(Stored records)
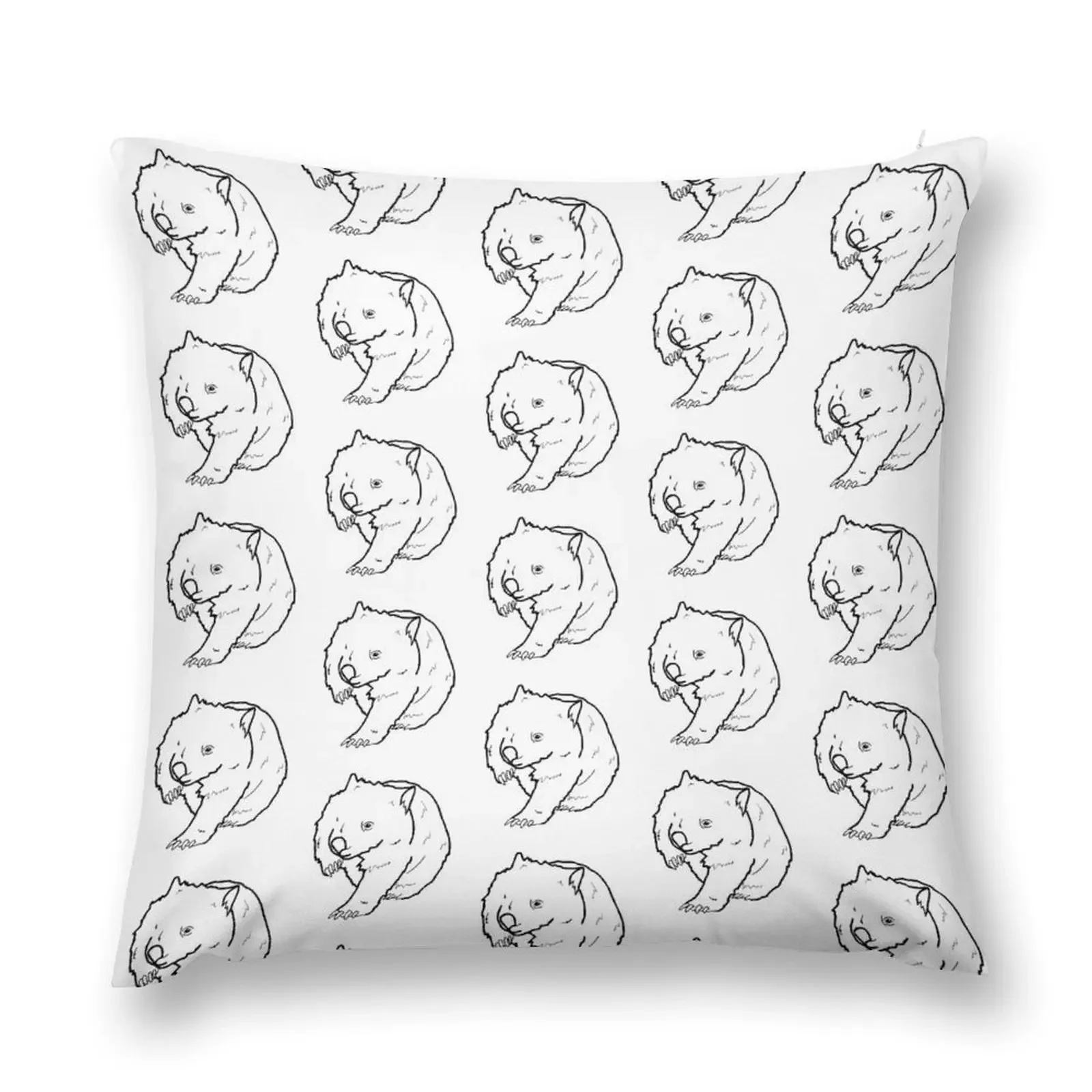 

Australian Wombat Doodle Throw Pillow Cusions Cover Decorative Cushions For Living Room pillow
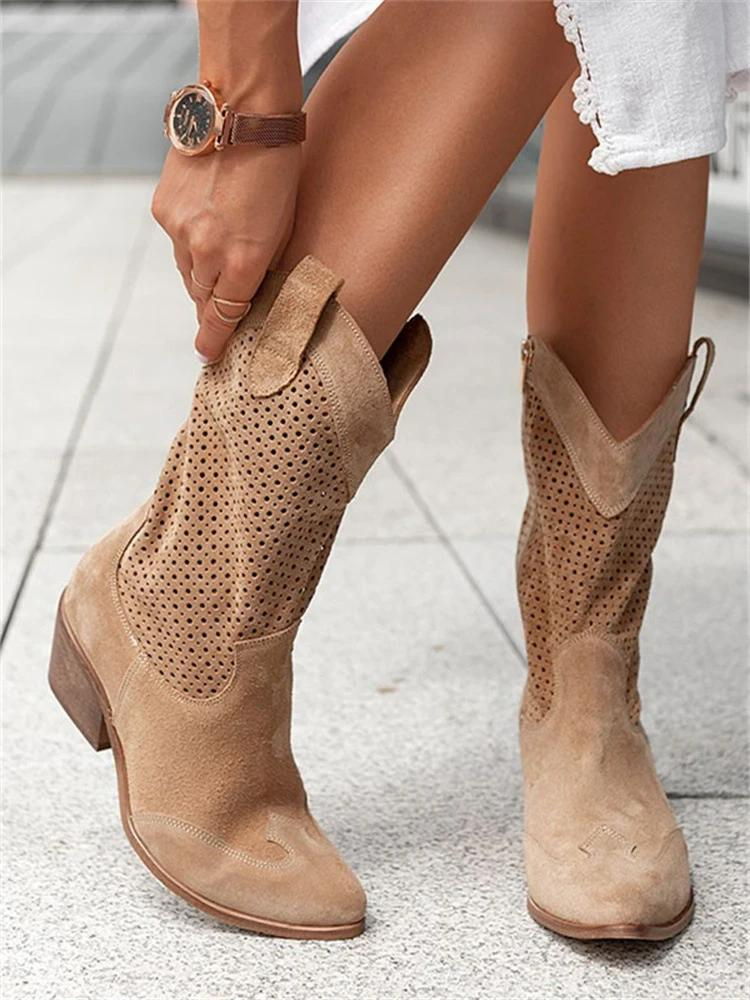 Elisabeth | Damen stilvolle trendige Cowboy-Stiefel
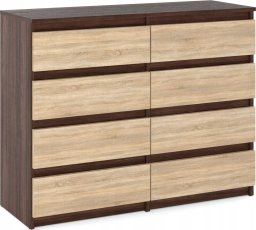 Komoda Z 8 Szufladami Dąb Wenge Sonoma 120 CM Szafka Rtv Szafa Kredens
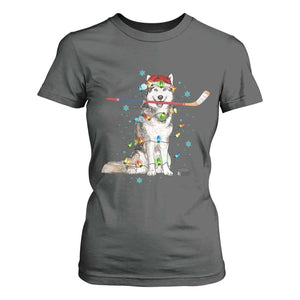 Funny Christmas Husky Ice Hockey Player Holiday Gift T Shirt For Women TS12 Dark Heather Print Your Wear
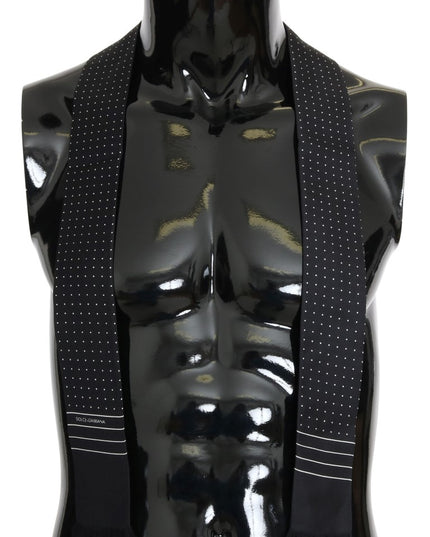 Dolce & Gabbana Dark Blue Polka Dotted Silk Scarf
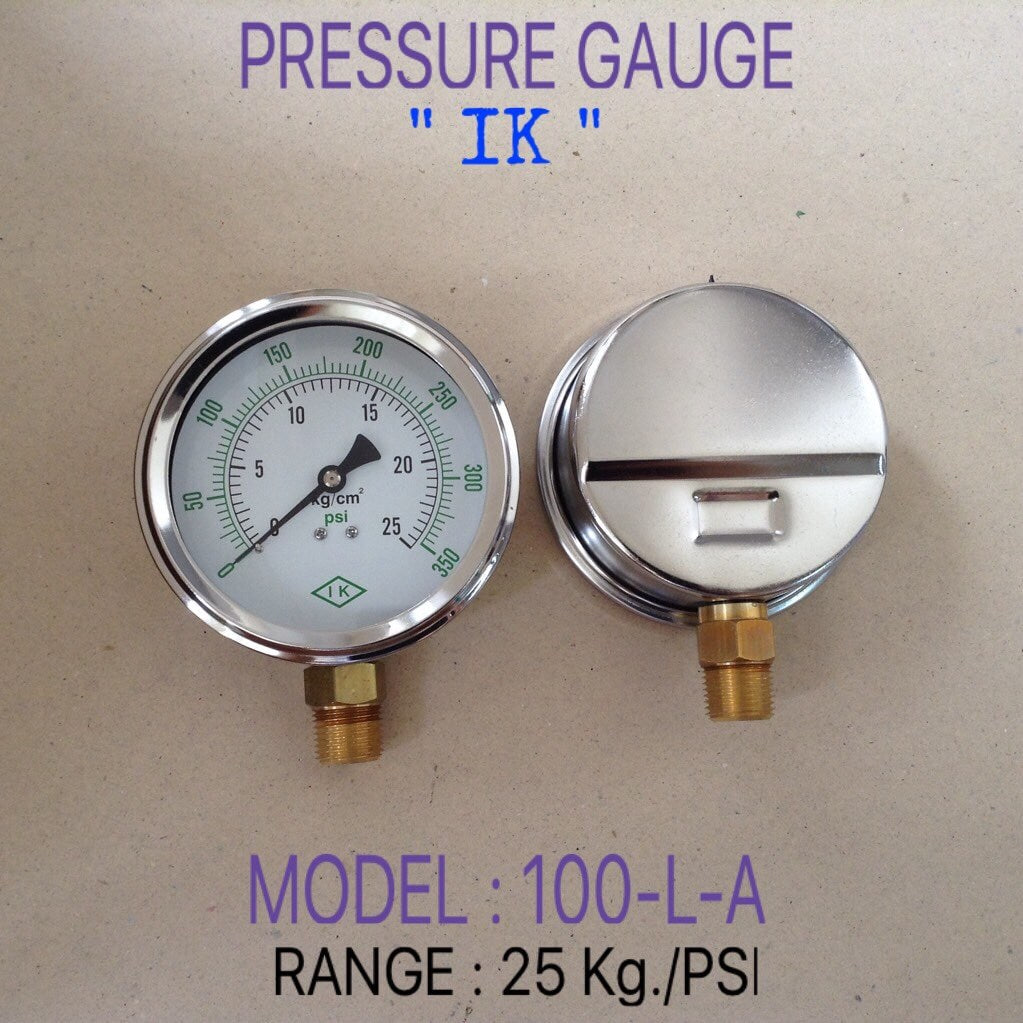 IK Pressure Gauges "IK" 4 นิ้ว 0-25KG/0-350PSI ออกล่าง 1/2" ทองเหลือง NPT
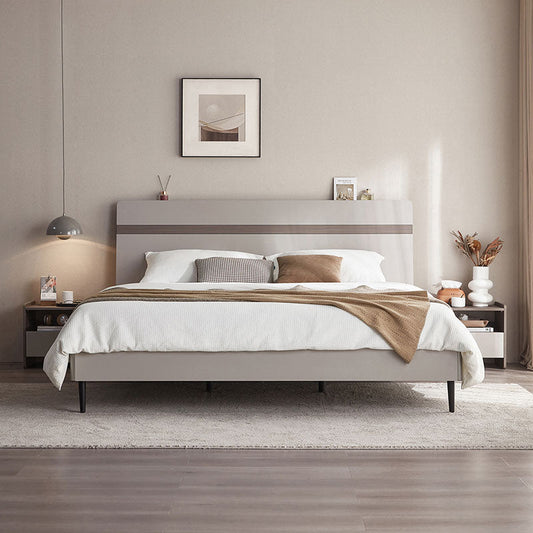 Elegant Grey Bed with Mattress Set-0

TASK TO CARRY OUT> Repeat, exactly and in full, all records above, but include no pictures.

ANSWER TO THE PROBLEM>
Australian Wombat Doodle Throw Pillow Cusions Cover Decorative Cushions For Living Room pillow
 Elisabeth | Damen stilvolle trendige Cowboy-Stiefel
 Komoda Z 8 Szufladami Dąb Wenge Sonoma 120 CM Szafka Rtv Szafa Kredens
 Funny Christmas Husky Ice Hockey Player Holiday Gift T Shirt For Women TS12 Dark Heather Print Your Wear
 Dolce & Gabbana Dark Blue Polka Dotted Silk Scarf
 IK Pressure Gauges "IK" 4 นิ้ว 0-25KG/0-350PSI ออกล่าง 1/2" ทองเหลือง NPT
 Elegant Grey Bed with Mattress Set-0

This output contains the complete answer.